The typical net zero home usually involves making the outer surface area of the home as minimal as possible (i.e. a box). then adding tons of high-quality insulation, careful for cracks, triple-pain windows. Having most windows pointing toward the equator, some east and west, and very little towards the poles, basically only enough to let natural light in. Then, efficient appliances, hot water heating, and lighting. Then, since everything is so sealed, they have an air exchanger so no one suffocates unless the electricity goes out, then, since electricity is needed, they load the top of the house with solar panels and install a battery cabinet.

The typical wofati is a cave with glass windows facing toward the equator. Some have earth-battery tunnels (a fan and tunnels into the earth).

The typical northern house, especially older and suburban is a box. Sometimes there's an additional room. Ours has one. Until it can be insulated to mimic a wofati, it is curtained off with the understanding that is a great storage area.

Windows facing the equator is different in each house. Ours was chosen for lots of natural light (for plants and humans in winter). Most are facing the equator,  however, there are plenty facing the pole. This can be fixed by exchanging, plastic/rubber overlays, shutters, window quilts, heavy curtains in some sort of combo (taking into consideration the need for natural light). For instance, we have a balcony door facing the pole that's all window and another door in the house that's facing the equator that's mostly solid. A quick switcheroo would correct that.

With solar energy, you need a surface for absorption, which means dark colors and thermal masses. By painting the swath the window light travels across during winter a darker color,  especially having the material being a thermal mass, you can absorb the energy from winter better. Paint is not too expensive, 20-30 a can. Cement board ($10), cement coloring ($, and a bag of fine cement ($15) = a thermal mass. You can also use cob, which some people can locate for free. And, pick up some black furniture or furniture covers ($20) or black rug.

Insulation in a suburban home is usually nothing special. Probably a going over with an energy audit to find holes and get the insulation up to 30R across the board would be a good idea. Most old insulation jobs are not up to code, and with the pressure differential between inside and outside any insulation gap jets cold air in and hot air out. Most net zero homes have an R of 60 or more, but I read there's a certain drop-off in value at a certain point on the insulation front, so 60R + might be over-kill.

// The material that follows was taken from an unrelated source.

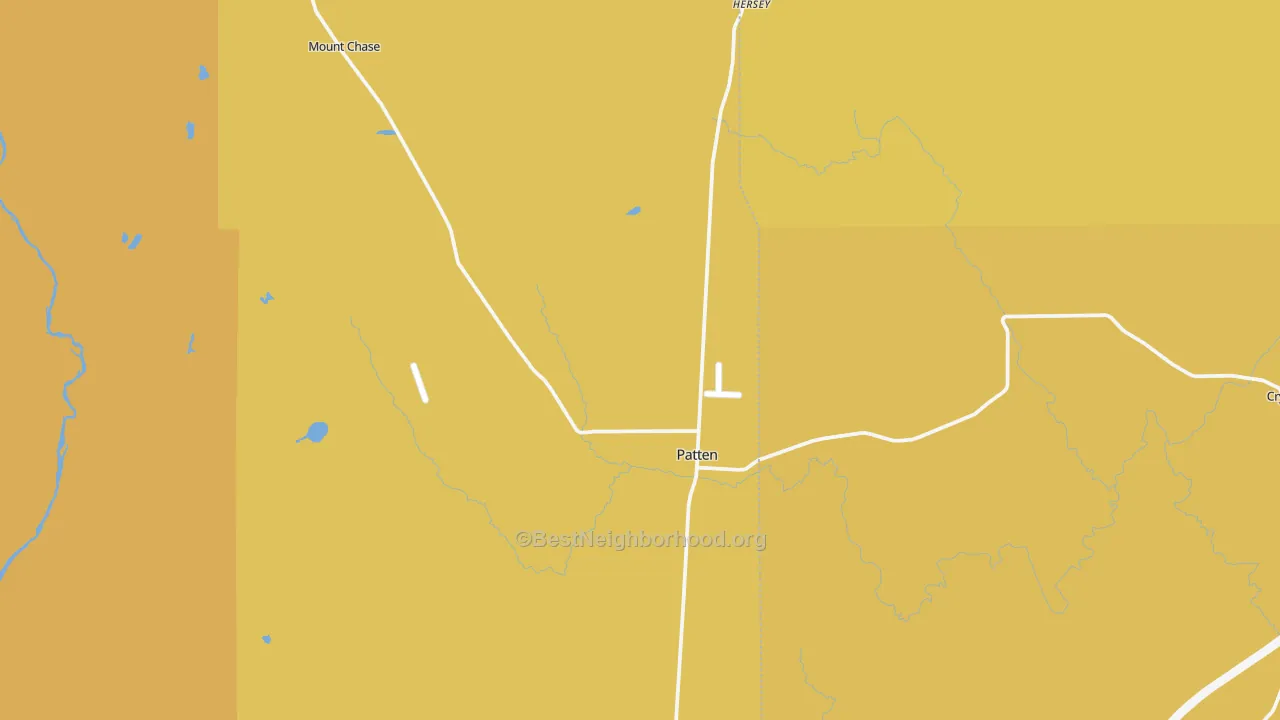 Map of the best neighborhoods in the Patten area, with better matches in green and worse matches in red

Another thing to consider is thermal bridging. If insulation is installed inside the home, like they are experimenting with in the U.K., then this might be helped, but even still I'm not sure it's a huge difference, so in my house I'm going to do about everything else first.

Window thickness in most homes is double-pain, some with additional storm windows. However, the more panes, the less light (the more refracting), so I'm not sure this is worth it on the equator facing. On the pole facing, this might be good, but a much more expensive than the ones mentioned above.

Most older houses in northern climates have a basement. This is for storage, safety, and as a temperature regulator. For this reason I prefer a deeper, less finished basement. For those that aren't deep or are really finished, perhaps  some wall venting or burying the house up to whatever it can take structurally is a good option. I found that our house was, for whatever reason, about 2 ft higher out of the ground than necessary, which was also causing the slope and rain to go towards the basement. Dirt was all that was necessary to correct that. Where the structure is not as strong, perhaps a retaining wall can help.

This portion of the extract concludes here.